Welcome back to another short story! As always, enjoy!


If books were water, the room would be beyond saving. The keepers of words lay sprawled in every corner. Some have been crammed into a red bookshelf that looks like it will collapse at any moment. Others gather dust on a brown desk. Still others can be found under a nightstand. Wherever one looks, books are watching, as if they have eyes. This room could be a hungry trap, the books waiting to devour any unfortunate person who steps in it. However, she absolutely adores it. This is her room, her paradise.

It's been almost 20 years, and yet she still remembers. Then again, she supposed she would never forget when she read her first book. She had been just a tiny two-year-old, with no one teaching her how to read. Her family couldn't understand why or how her first reading happened. Even she did not know what possessed her that day. All she understood was that as soon as she picked up that book, she never looked back.

The textbooks tower before her like the world's tallest mountain. She stares at the stack with her a disgusted glare. She should be used to this by now. After all, she's a junior in college. She understands the books she reads on the campus will be nothing like her beloved ones back home. And yet, she can't help but clench her fists in frustration at the thought of having to drag herself through the dry, tasteless, material. Her professors claimed these heavy bricks they called textbooks were designed to help educate students. All she saw was something designed to help promote boredom. She longs to say it, to voice her displeasure in the most direct way. Unfortunately, she bites her tongue, because she knows she can't. She will never say she hates the books, no matter what she reads.

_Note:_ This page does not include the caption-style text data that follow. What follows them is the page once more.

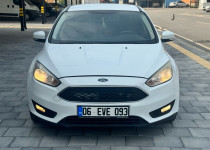 Sahibinden 2017 Ford FOCUS Trend X 1.6 TDCİ 160.000 km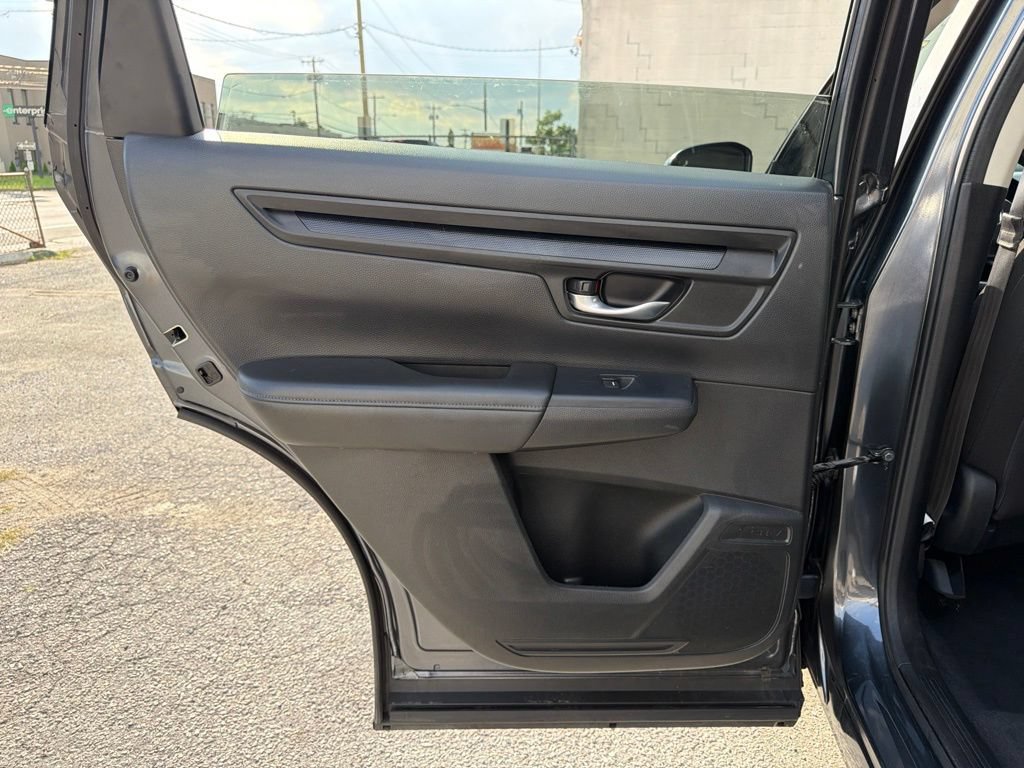 Used 2024 Honda CR-V EX image 24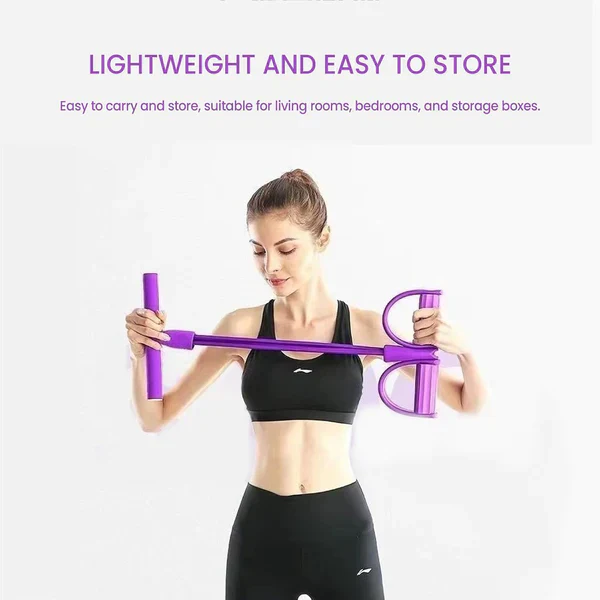🧘♀️2026 Wellness Plan - Enjoy 40% Off💪latest 8-Tube Pedal Resistance Device💝 - Image 11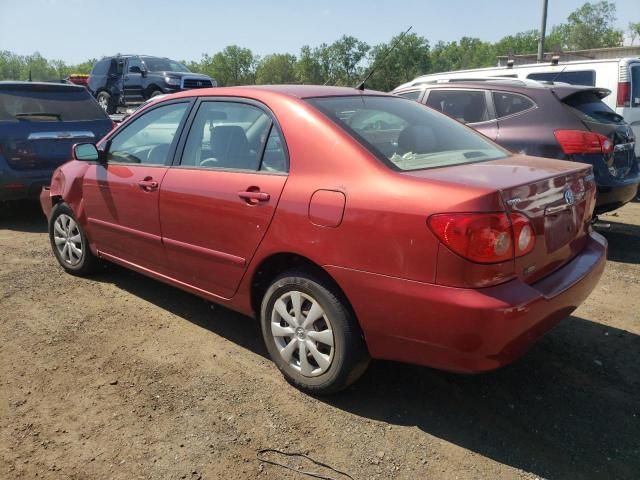 2006 Toyota Corolla CE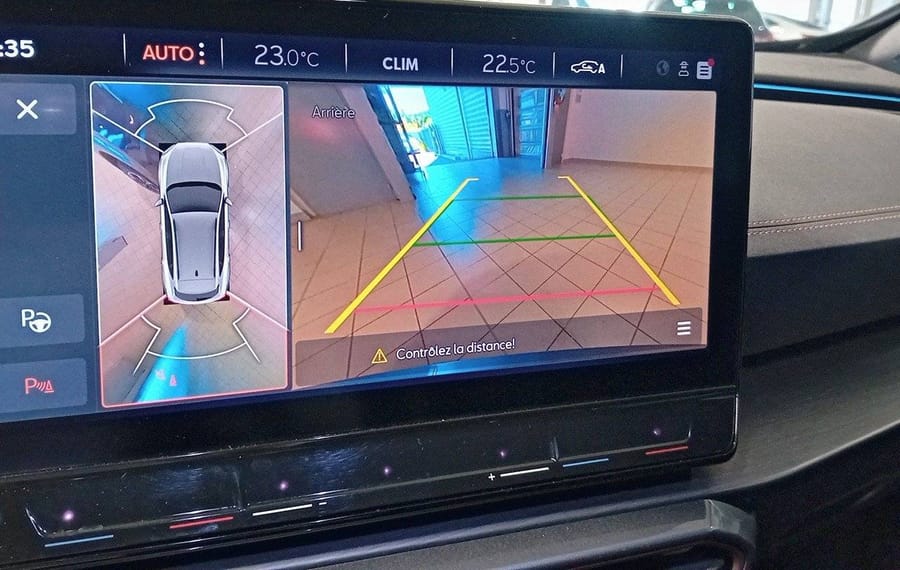 Choisissez votre cupra formentor chez CarGo Flex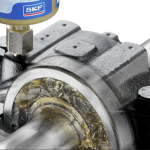 Bôi trơn tự động skf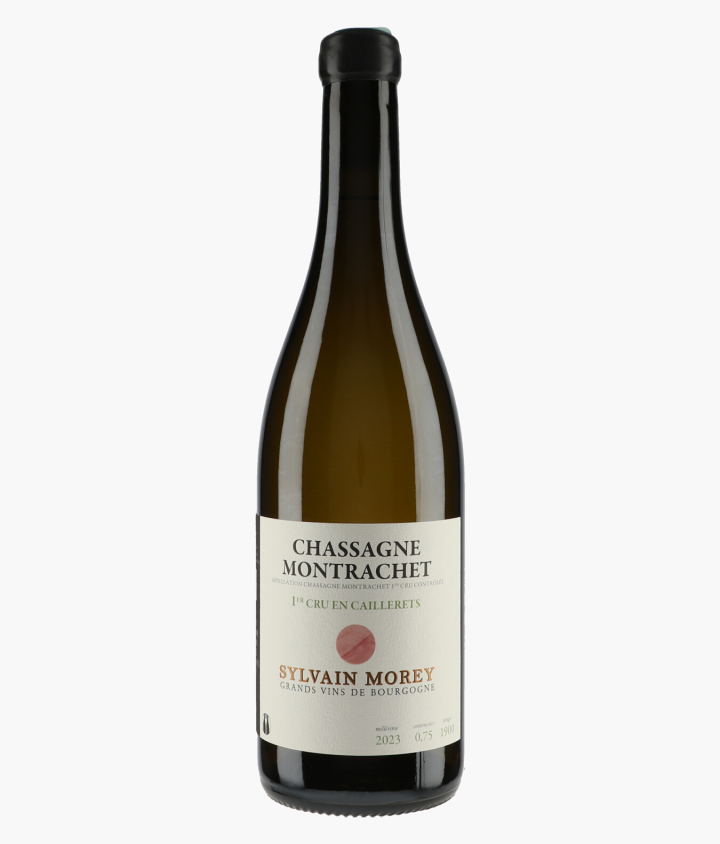 MOREY SYLVAIN | Chassagne-Montrachet 1er Cru En Caillerets 2023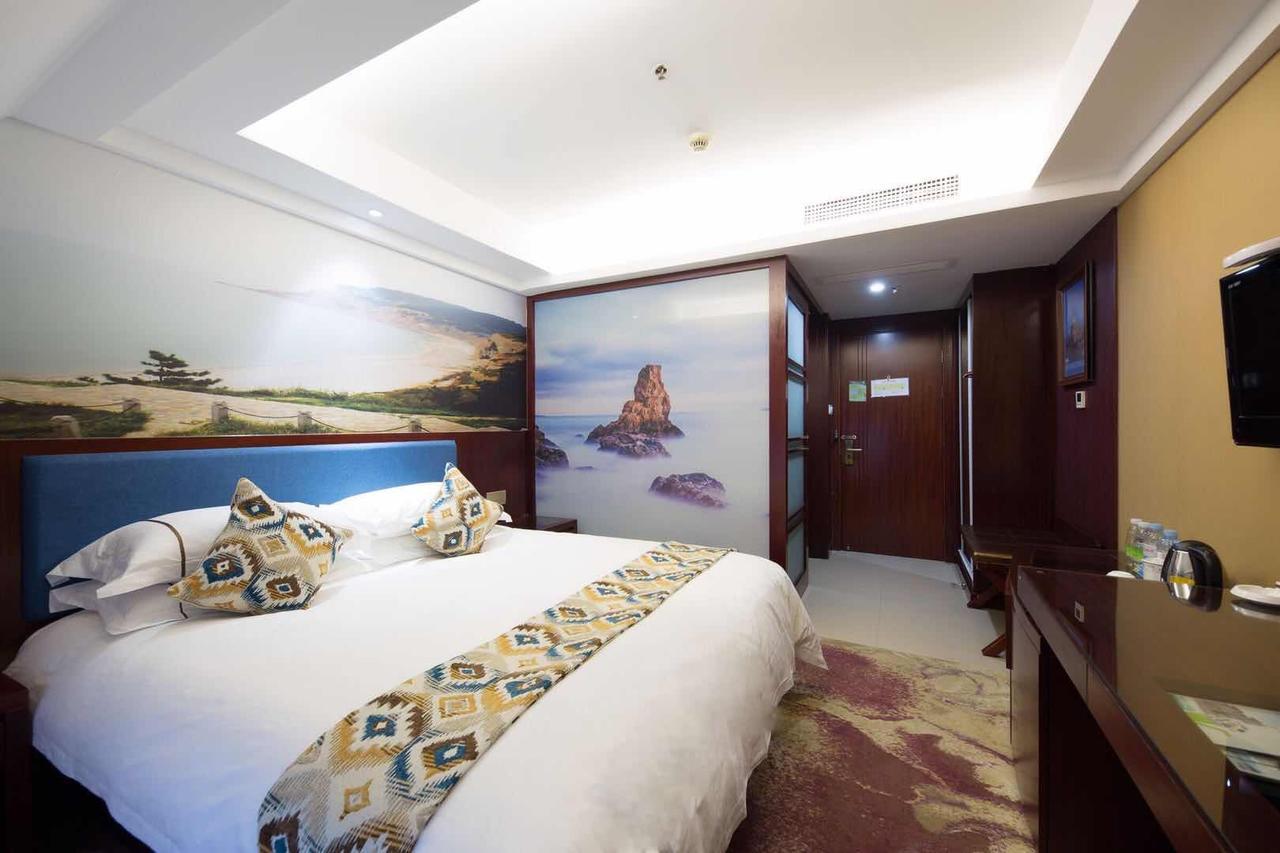 Ruide Hotel Yiwu  Exterior photo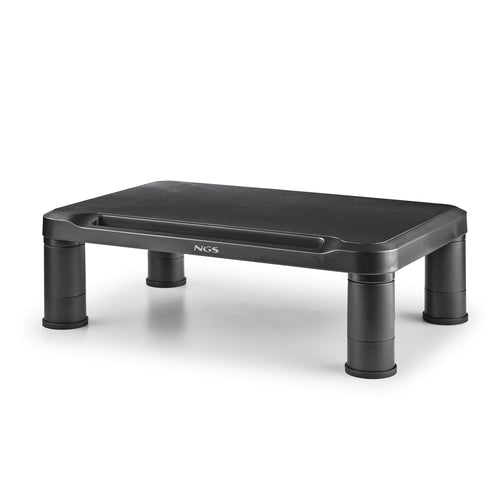 NGS MONITOR STAND, ALTEZZA REGOLABILE, MAX 20KG [SCREENSTAND]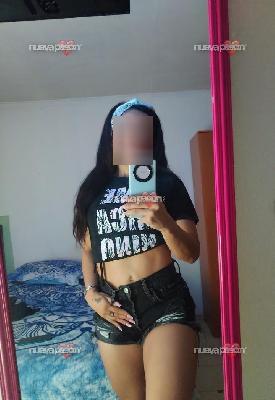 APASIONADA SENSUAL CARIÑOSA VEN A CONOCERME TE VOY A ENCANTAR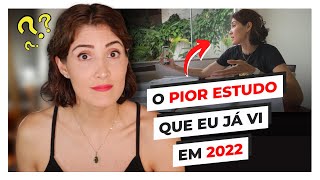 Estudantes que NÃO sabem ESTUDAR (Um PIOR que o outro)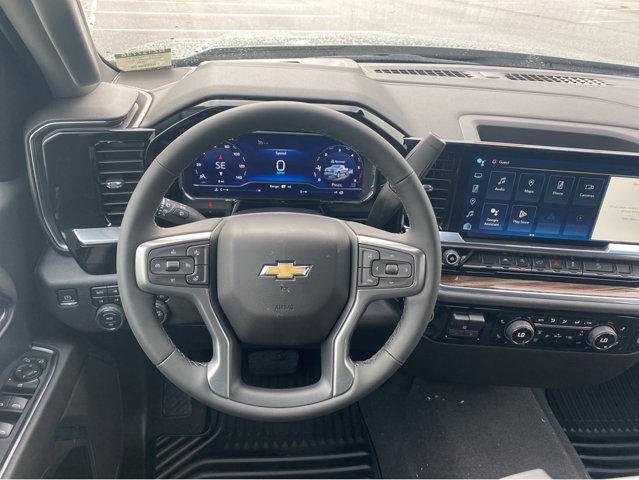 new 2024 Chevrolet Silverado 1500 car, priced at $60,725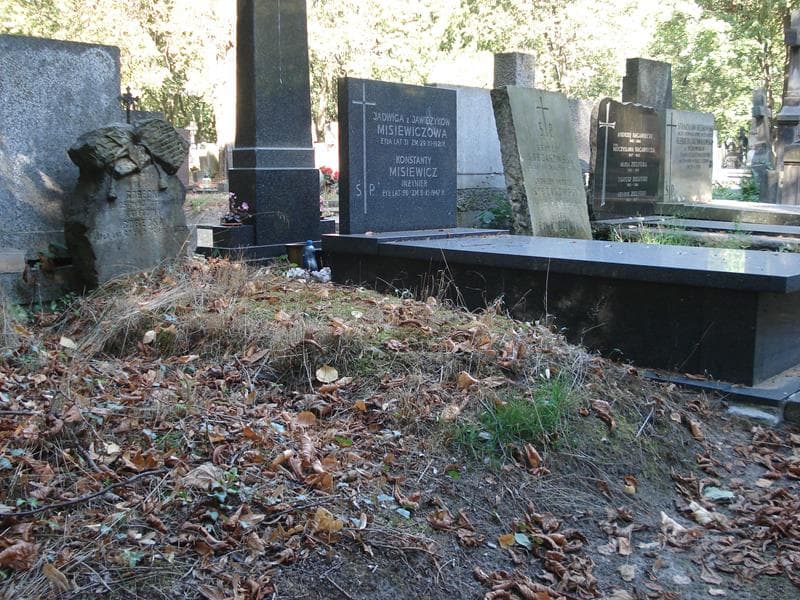 Zdjęcie grobu Wacław Górecki (1)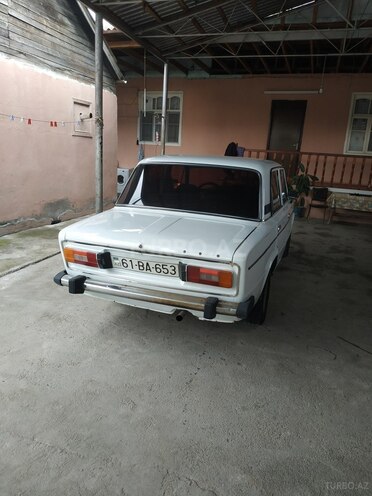 LADA (VAZ) 2106 1983, 255,000 km - 1.5 l - Ucar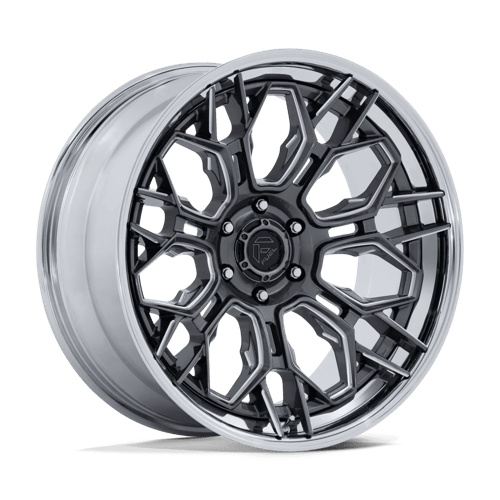 HIVE 22X10 6X135 87 -18 G-GNMTL CHR-LP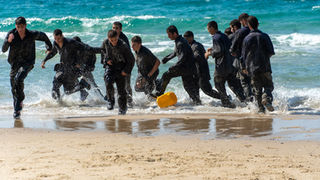 תחקיר גיבוש – שייטת 13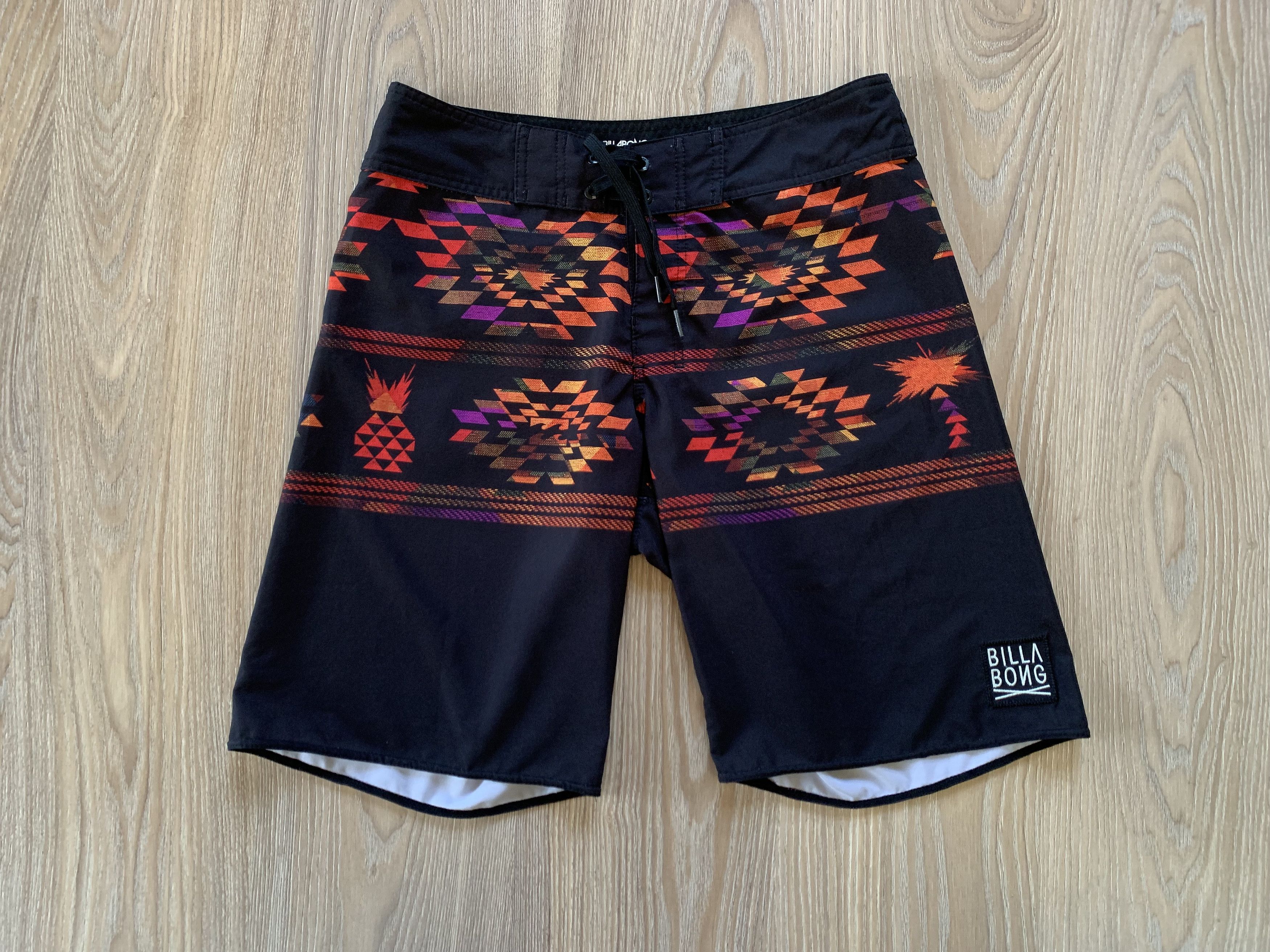 Billabong Billabong Platinum Zero Gravity Men's Swim Shorts Size US 32 / EU 48 - 2 Thumbnail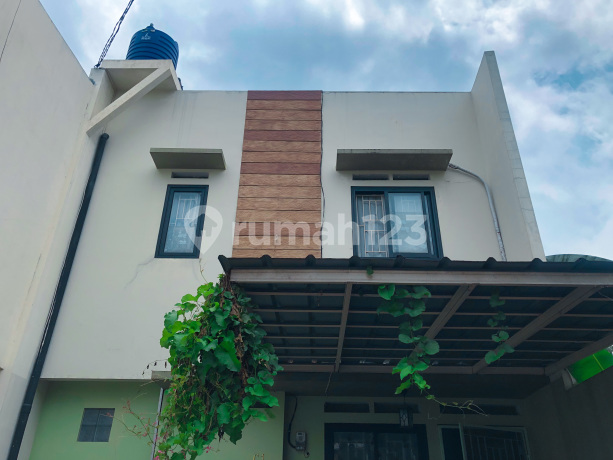 Cluster Hatake Maisonette Bintaro
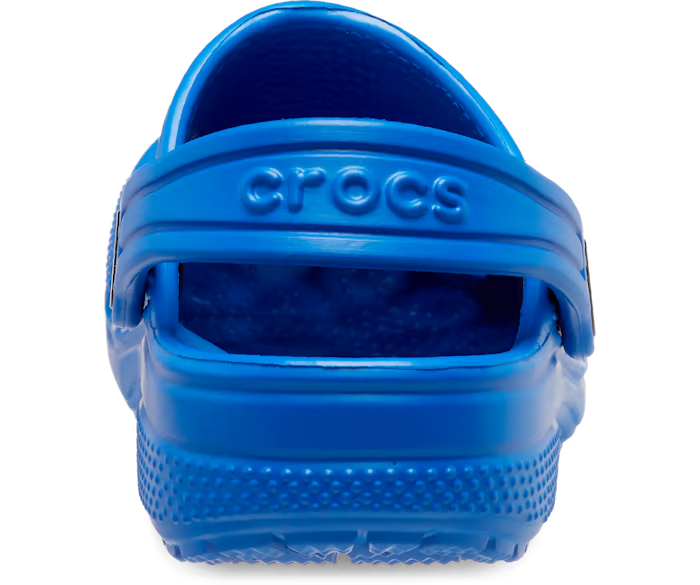Crocs Toddler Classic Clog - Blue Bolt ALT160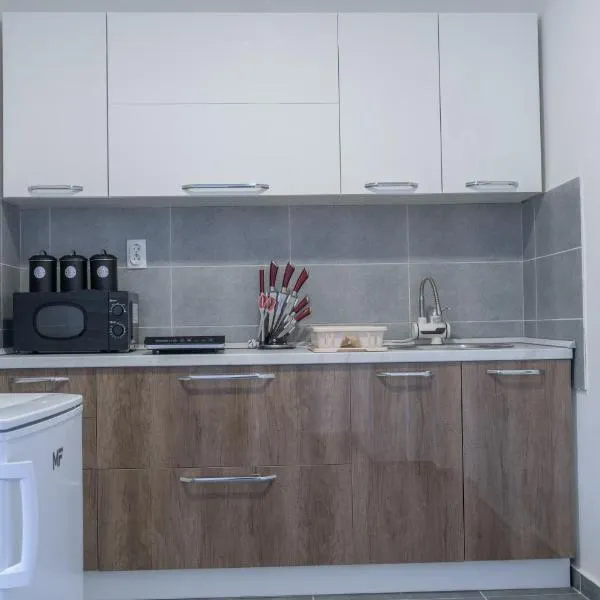 Gerardus Apartmani、ヴルシャツのホテル
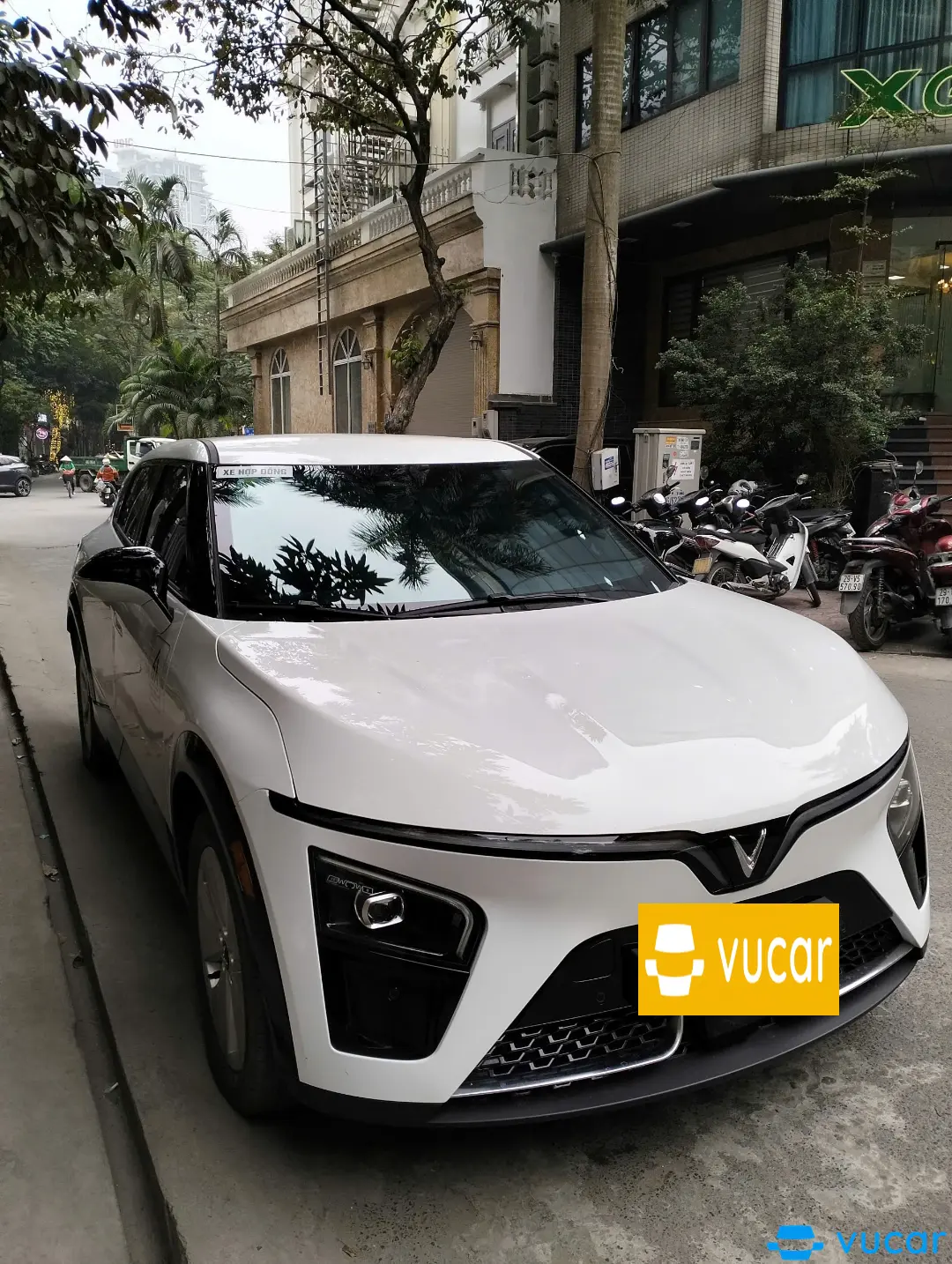 VinFast VF7 2024 S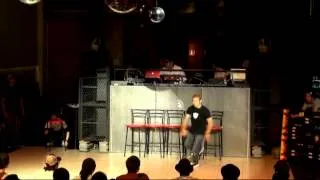 BATTLE KO 2013 【ToMo】Judge Move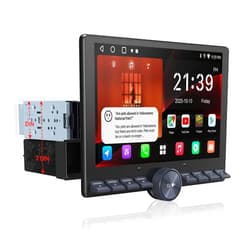 ATOTOOUT Single/Double Din Car Stereo - 10.1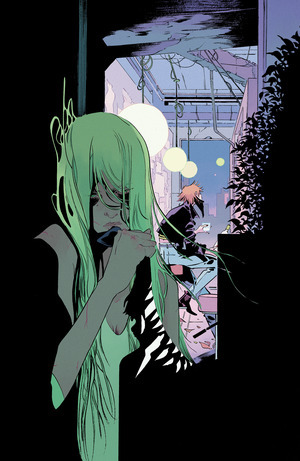 [Something is Killing the Children #49 (Cover B - Emma Rios)]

"It's not possible." People said. "Two years is too young." They claimed. "She can't read. She's just imitating what you taught her." That insult was directed at her and her parents. She hated it most of all. Insulting her was fine; she could understand others' disbelief. But why drag her parents into it? They hadn't done anything wrong.

"There is no frigate like a book to take you lands away." Emily Dickinson's line could not have said it better. It is her favorite, always. When a second, she has flicked open one of the pages. Another, and she is gone. She has boarded the boat, already further away than can possibly be found. Who knows when she'll be back? Only the books hold the answer.

Even her extended family was skeptical. How could a two-year-old that could barely walk read books without anyone's help? There was just no way. Two years after she picked up her first book, the questions still flew like birds. That is, until the day at her grandmother's house, with her parents and uncle. She remembers that she was sitting contently on her grandmother's couch, reading a children's book. Grandmother had always been technologically challenged, so her uncle had written down directions for the television. During this time, someone brought up the fact that she could read. Her uncle said no. He insisted that she could only read simple books, like the children's story she greedily devoured on the couch. In order to prove that he was right, her uncle had passed her the directions. As soon as these directions were placed in her hands, the words effortlessly flowed from her lips. No family member doubted her ability again after that.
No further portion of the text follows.